— Supplied records —
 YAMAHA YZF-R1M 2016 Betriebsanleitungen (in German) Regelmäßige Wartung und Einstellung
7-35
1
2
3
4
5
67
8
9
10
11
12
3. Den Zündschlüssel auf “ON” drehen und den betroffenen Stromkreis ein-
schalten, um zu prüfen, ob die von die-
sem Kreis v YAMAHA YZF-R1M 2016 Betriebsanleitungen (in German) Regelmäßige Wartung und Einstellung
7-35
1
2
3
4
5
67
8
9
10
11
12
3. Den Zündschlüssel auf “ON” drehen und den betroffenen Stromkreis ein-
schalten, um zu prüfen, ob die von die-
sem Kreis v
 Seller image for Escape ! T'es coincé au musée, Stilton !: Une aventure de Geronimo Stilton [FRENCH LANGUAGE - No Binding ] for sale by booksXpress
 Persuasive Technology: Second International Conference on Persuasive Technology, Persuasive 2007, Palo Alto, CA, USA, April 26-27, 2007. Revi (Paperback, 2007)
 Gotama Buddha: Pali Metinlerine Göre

==

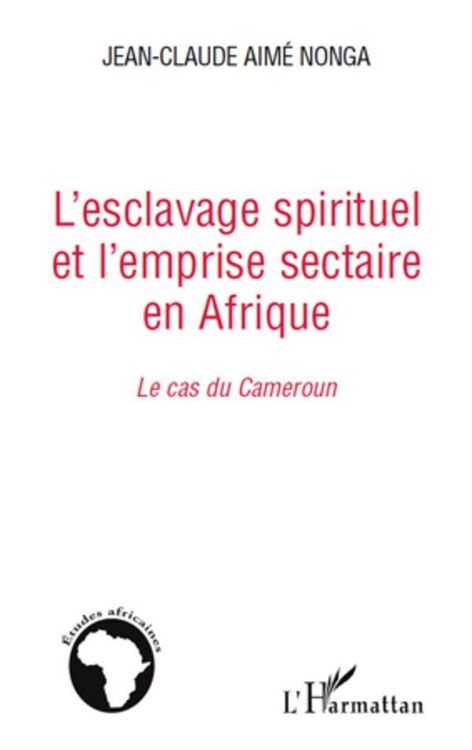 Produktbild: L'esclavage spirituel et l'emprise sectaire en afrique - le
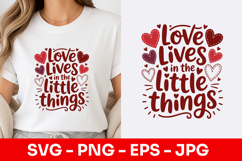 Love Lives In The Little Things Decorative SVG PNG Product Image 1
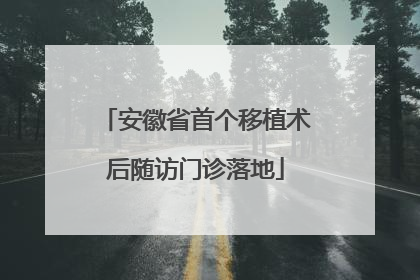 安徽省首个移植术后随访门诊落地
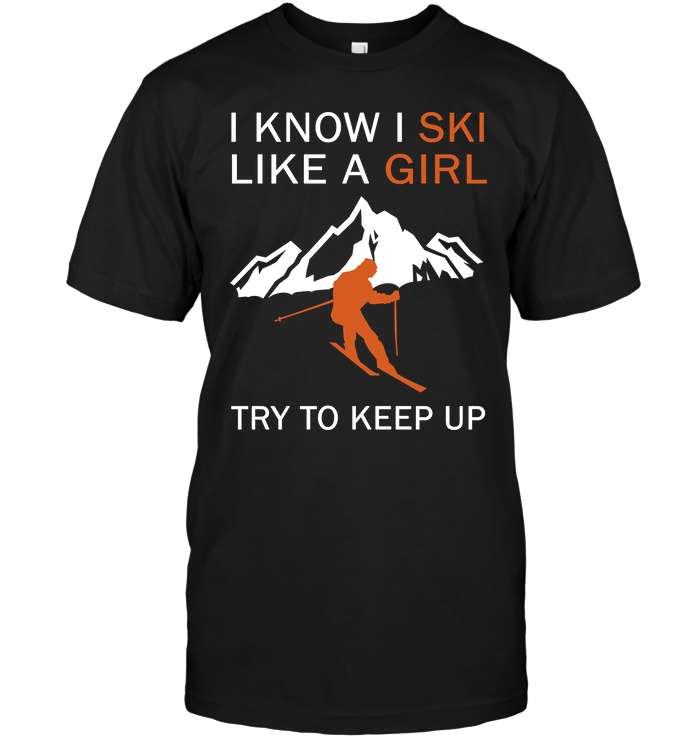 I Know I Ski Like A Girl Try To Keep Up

--

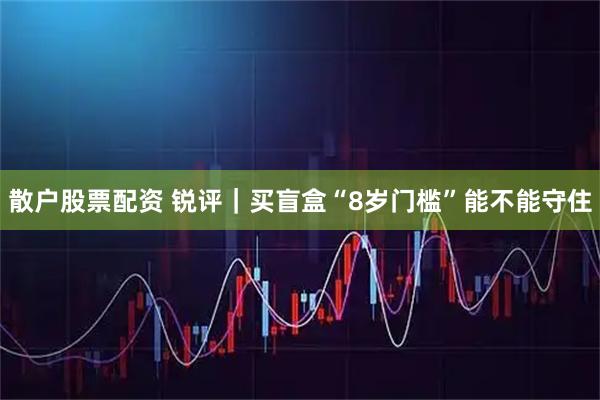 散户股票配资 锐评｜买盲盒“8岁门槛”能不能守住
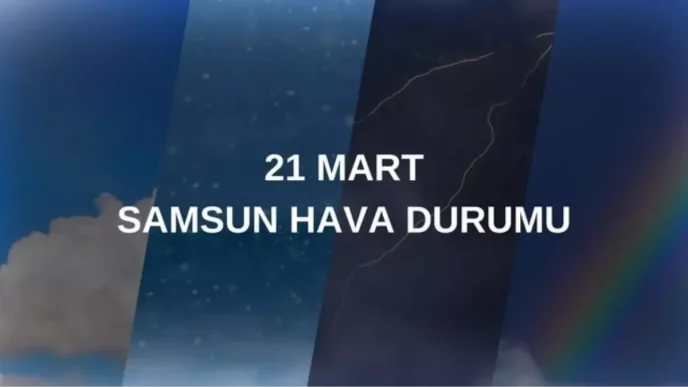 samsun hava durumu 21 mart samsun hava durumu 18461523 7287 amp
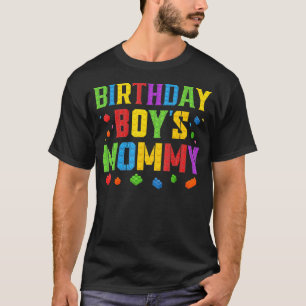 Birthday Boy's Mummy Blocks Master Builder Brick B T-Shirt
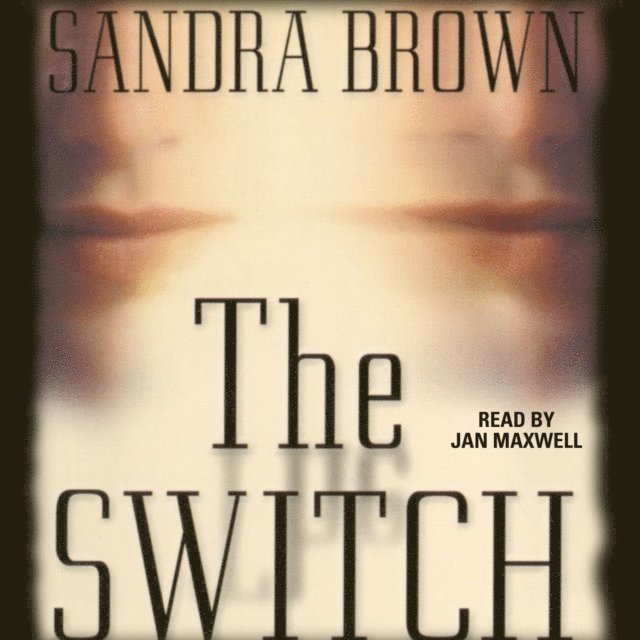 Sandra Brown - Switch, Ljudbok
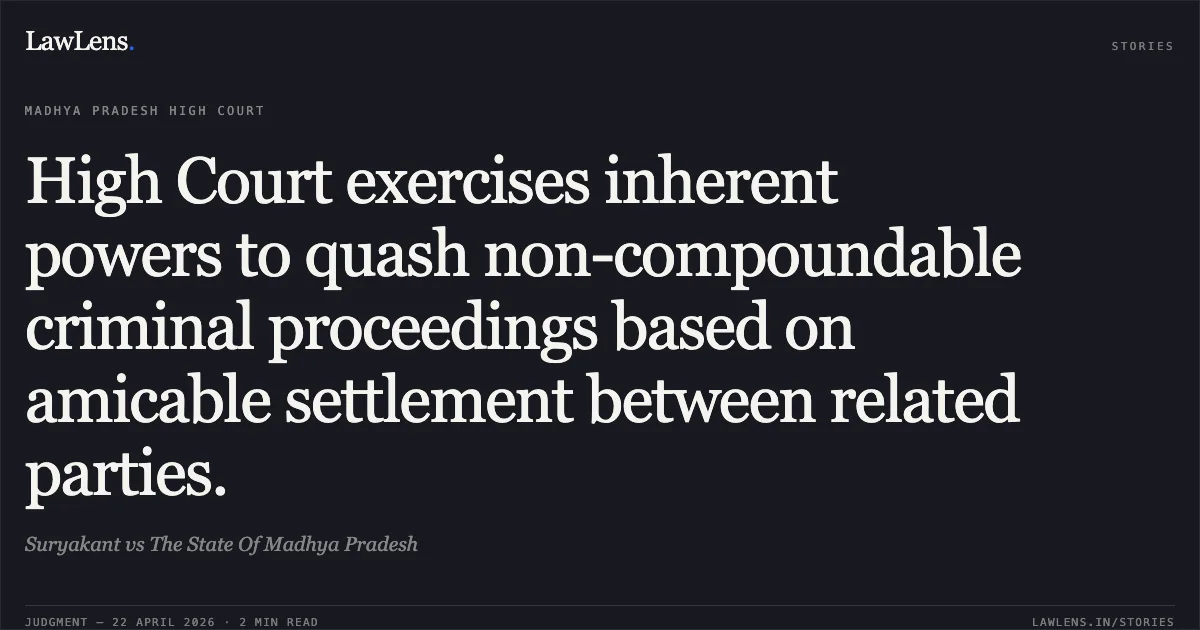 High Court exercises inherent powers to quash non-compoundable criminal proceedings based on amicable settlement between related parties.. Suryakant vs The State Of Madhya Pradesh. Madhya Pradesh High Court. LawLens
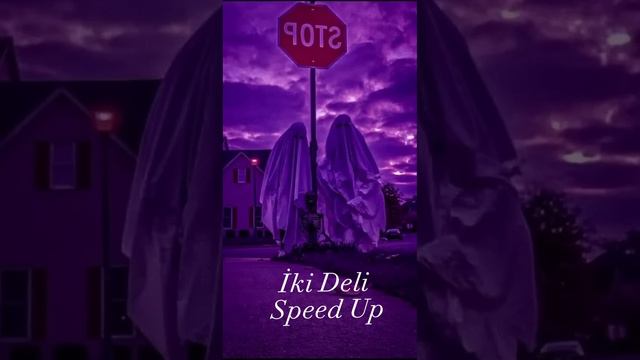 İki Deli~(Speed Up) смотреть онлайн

— Requirement —
Look through the listing and return each line containing the word "Wartung".

— Answer to this task —
 YAMAHA YZF-R1M 2016 Betriebsanleitungen (in German) Regelmäßige Wartung und Einstellung
sem Kreis v YAMAHA YZF-R1M 2016 Betriebsanleitungen (in German) Regelmäßige Wartung und Einstellung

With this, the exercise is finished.